As new air quality regulations come into force, homeowners will need even more help from installers and heating professionals to understand how to use wood and solid fuel burning appliances in a safe, efficient and environmentally-responsible way to comply with the new rules, highlights a new survey by HETAS.

From 1 May 2021, the Air Quality (Domestic Solid Fuels Standards) (England) Regulations 2020 will ban the sale of wet wood and house coal and provide minimum standards for wood fuel and manufactured solid fuels which are certified under Defra’s Ready to Burn scheme. The Ready to Burn scheme aims to help consumers easily identify wood or manufactured solid fuels that are best for burning at home, minimising the impact of burning on health and the environment.

A new survey of 2,000 people undertaken by HETAS revealed that almost a third (31%) of respondents have an open fire, woodburning, or solid fuel stove in their home, and a further 12% of those surveyed said they would like to have one. The results show that there are a significant number of people likely to be affected by the new regulations and HETAS is working with its registered professionals to help them get the message across to their customers.

Bruce Allen, Chief Executive of HETAS, said: “Ensuring customers know how to use and maintain an appliance and which fuel is best to use has never been more important. Our survey found that 26% of respondents had inherited their fireplace when they moved into a property, and others may not have had appliances installed by a competent person. This reveals that there are many regular users who would benefit from the knowledge and advice given by HETAS registered installers, service and maintenance engineers, and chimney sweeps.

“The incoming legislation and the Ready to Burn scheme are geared towards ensuring people burn better by being able to easily identify the cleanest fuels to use in their home. Those on the frontline play a critical role in ensuring people understand the benefits of using modern heating appliances with the right fuel to minimise the impact that domestic burning has on the environment and our health.

“We believe that the additional backing and enforcement of the new air quality regulations to use cleaner fuel, along with raising awareness of using modern clean low emissions appliances, will make a huge difference to the environmentally responsible use of solid fuels and wood for stoves and boilers. The Ready to Burn scheme is a significant step to reducing harmful particulate emissions and improving air quality.”

HETAS, the non-profit industry organisation supporting cleaner and safer choices for the use of biomass and other solid fuels, appliances and associated technologies, is running the Ready to Burn certification scheme for Manufactured Solid Fuels (MSF) as appointed by Defra to meet regulations that come into force in England from 1 May 2021.

The legislation defines MSF as a fuel manufactured from coal, wood, plant-derived materials, waxes, or petroleum products with other ingredients. All fuels that fall under the description of MSF must comply with the standards set by the regulations and so must be verified as emitting less than 5 g/h of smoke emission as tested against BS 3841-1, and be proven to have a sulphur content of no more than 2% (dry ash free basis).

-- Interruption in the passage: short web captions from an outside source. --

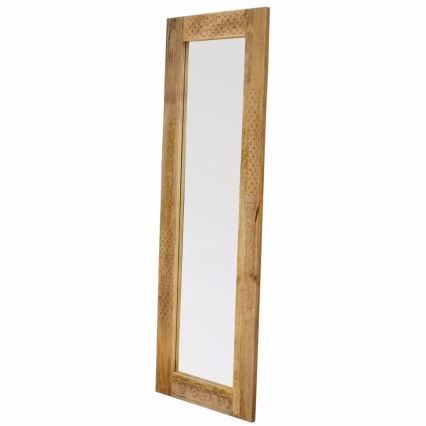 Wandspiegel MANU 170x60 cm Massivholz/Mangobaum
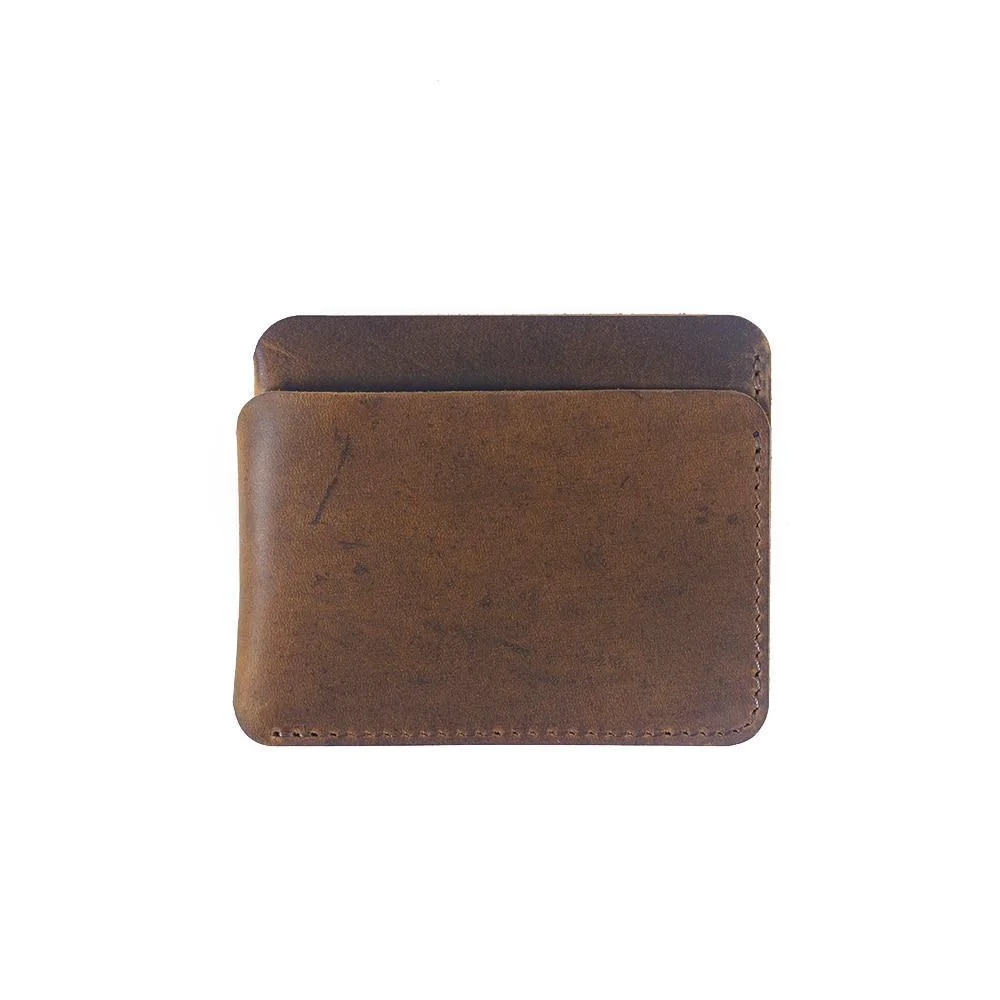 Original Jorg Minimalist Cow Leather Card Holder Reliable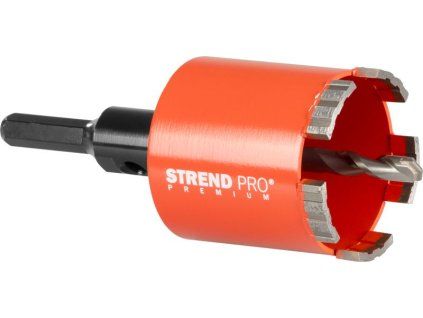 TR238764_Korunka vrtací diamantová 68mm segmentová se stopkou HEX 12mm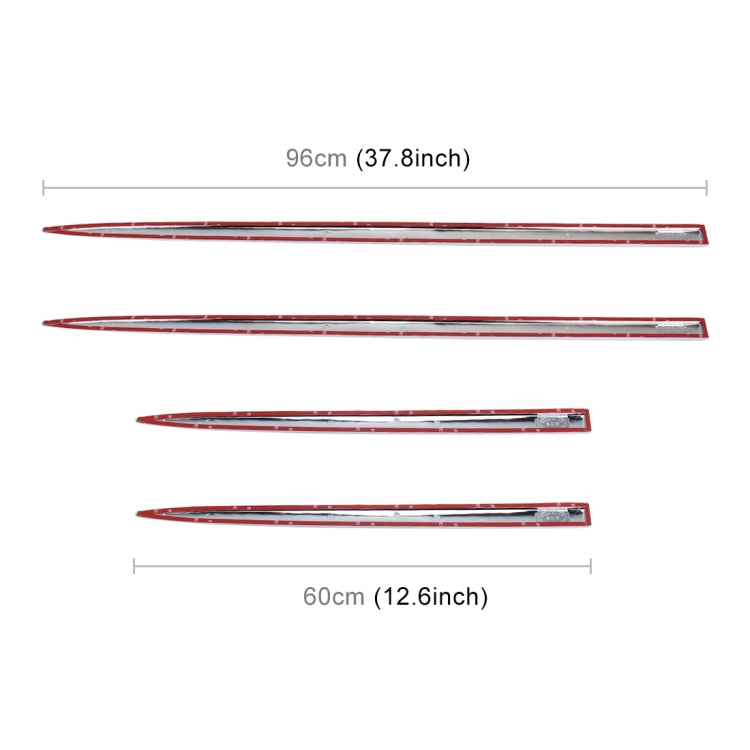 4 PCS Universal Car Door Anti-collision Strip Protection Guards
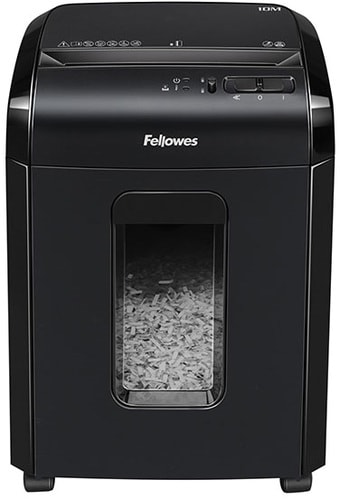 Шредер Fellowes Powershred 10M (черный) - фото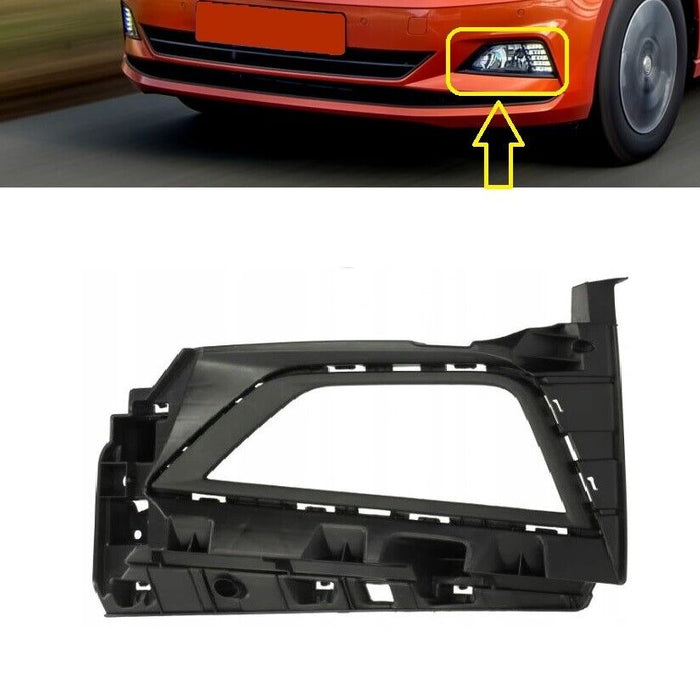 FOR VW POLO 2017 - 2020 FRONT BUMPER FOG LIGHT LAMP GRILL LEFT - 2G0 853 665 G
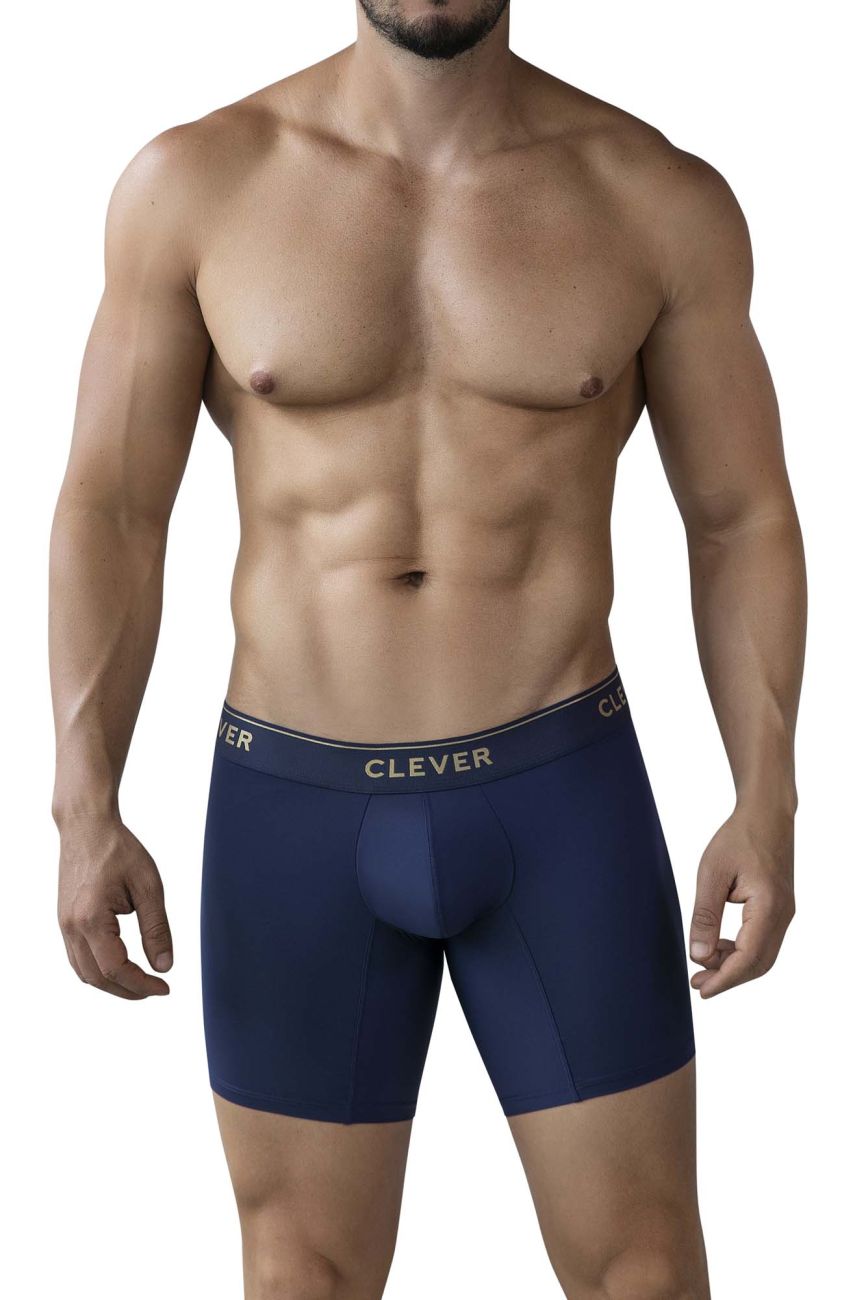 Clever Moda Valladolid Men's Boxer Brief in Dark Blue – men's boxer briefs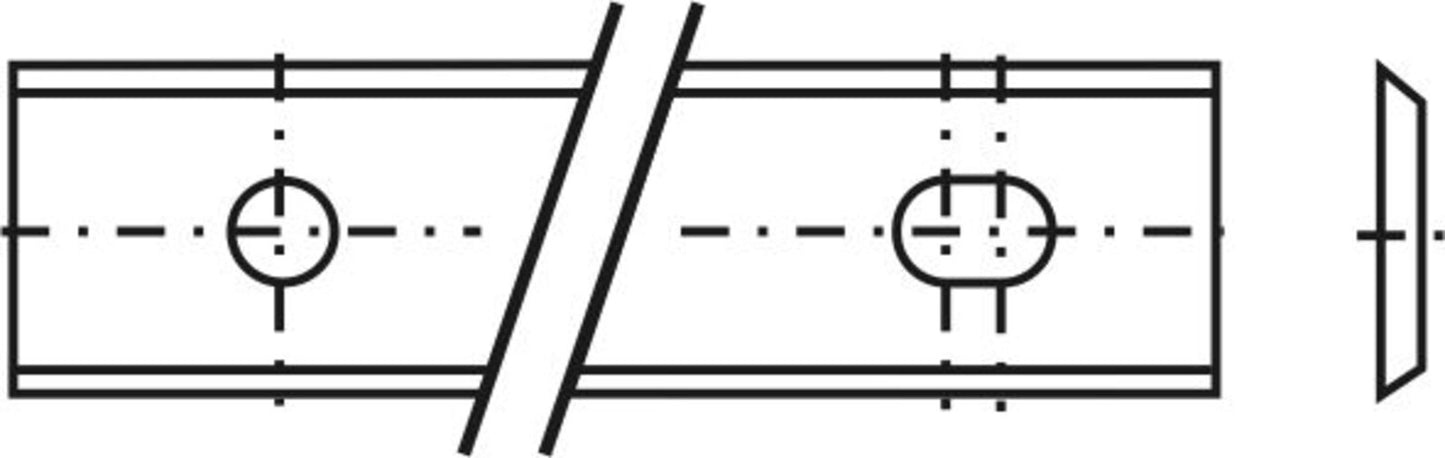 Wendeplatte 35° 80x13x2,2mm a=60mm 10 St.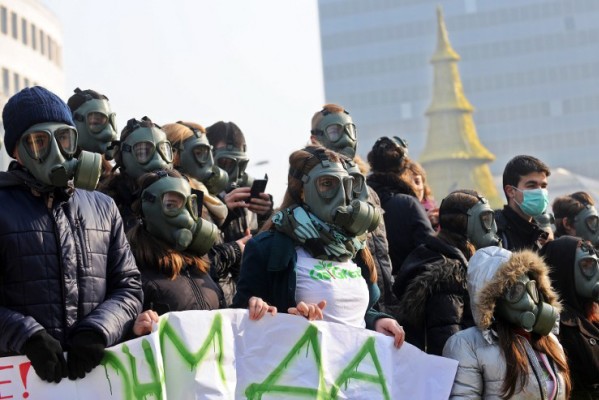 Nevolje u poreznom raju: makedonski protesti protiv zagađenja zraka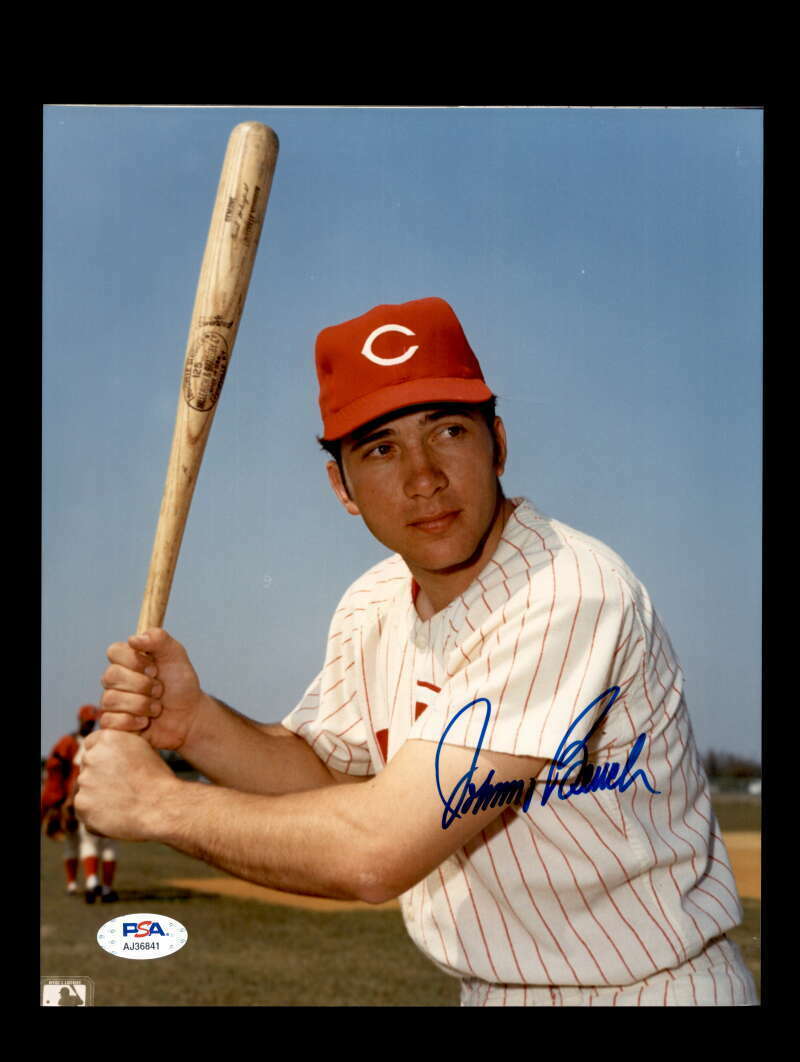 Johnny Bench PSA DNA Coa Signed 8x10 Photo Poster painting Reds Autograph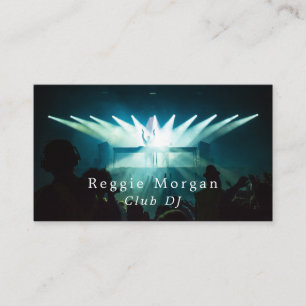 DJ på scenen, Professionell DJ Visitkort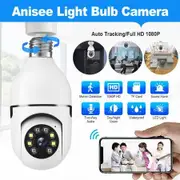 WiFi IP Camera Wireless Spy Home Security CCTV Surveillance System E27 Light Bulb Outdoor PTZ IR Night Vision 2 Way Audio Full HD 1080P 2MP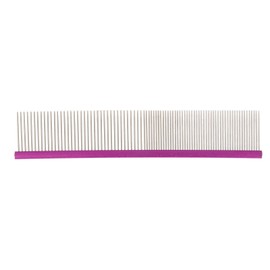 Metal Dog Comb, Stainless Steel Cat Comb for Removing and Knots Dog Combs with Rounded Ends for Long and Short Haired Breeds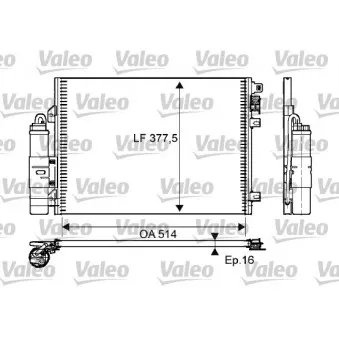 VALEO 814051 - Condenseur, climatisation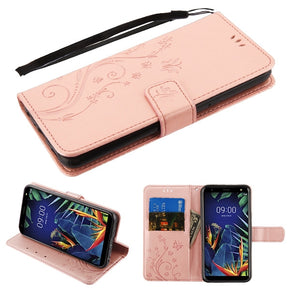 LG K40 Wallet Design Case Cover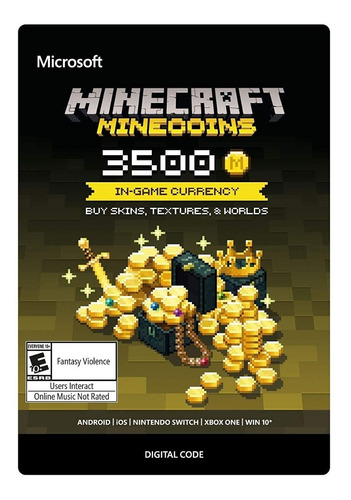 Minecraft Minecoins Pack De 3500 Monedas [ Código Digital ]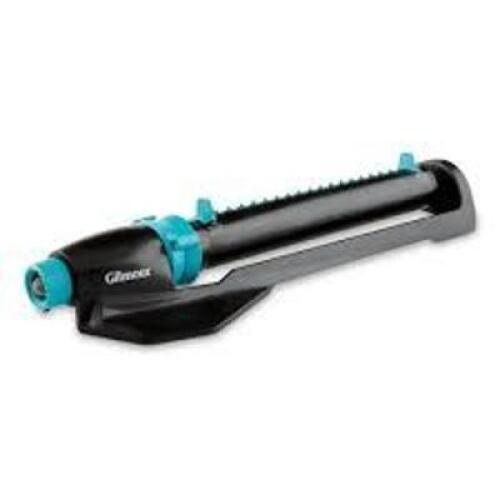 DESCRIPTION: (1) YARD SPRINKLER BRAND/MODEL: GILMOUR INFORMATION: BLACK WITH BLUE RETAIL$: $20.99 EA QTY: 1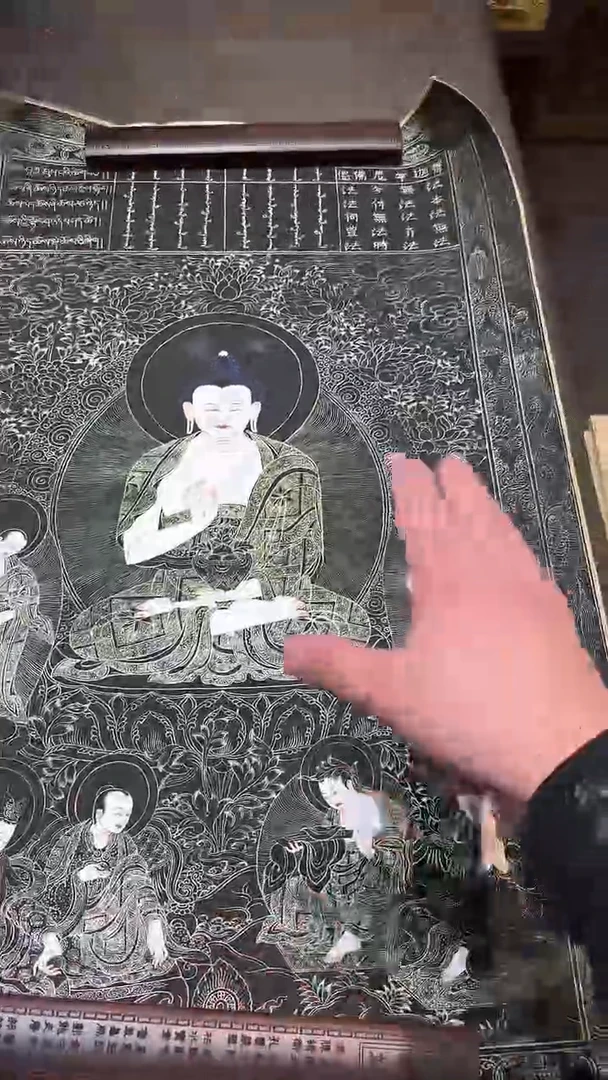 卷轴画马*刚【主播精品】高端卷轴画——唐卡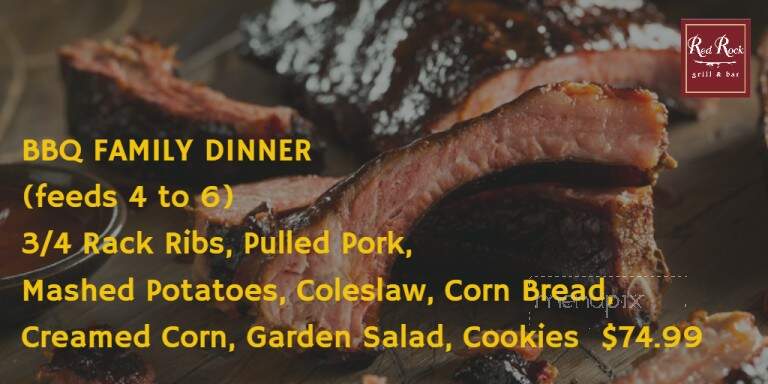Red Rock Grill Bar - Upton, MA menu_pic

Only those MSFs with verified emissions and sulphur content are legal for sale in England from 1 May 2021. Authorised fuels will be certified by HETAS to carry the Ready to Burn certification mark and be included on the list of authorised fuels for England by the Secretary of State on
The Ready to Burn mark is also applied to wood fuel certified by Woodsure, a subsidiary of HETAS. From 1 May 2021, the new Air Quality regulations state that wood sold in volumes of up to 2m3 will need to be Ready to Burn certified with a proven moisture content of 20% or less. Suppliers selling quantities of wood over 2m3 will need to provide their customers with advice on how to store and season the fuel so that is it dry to burn.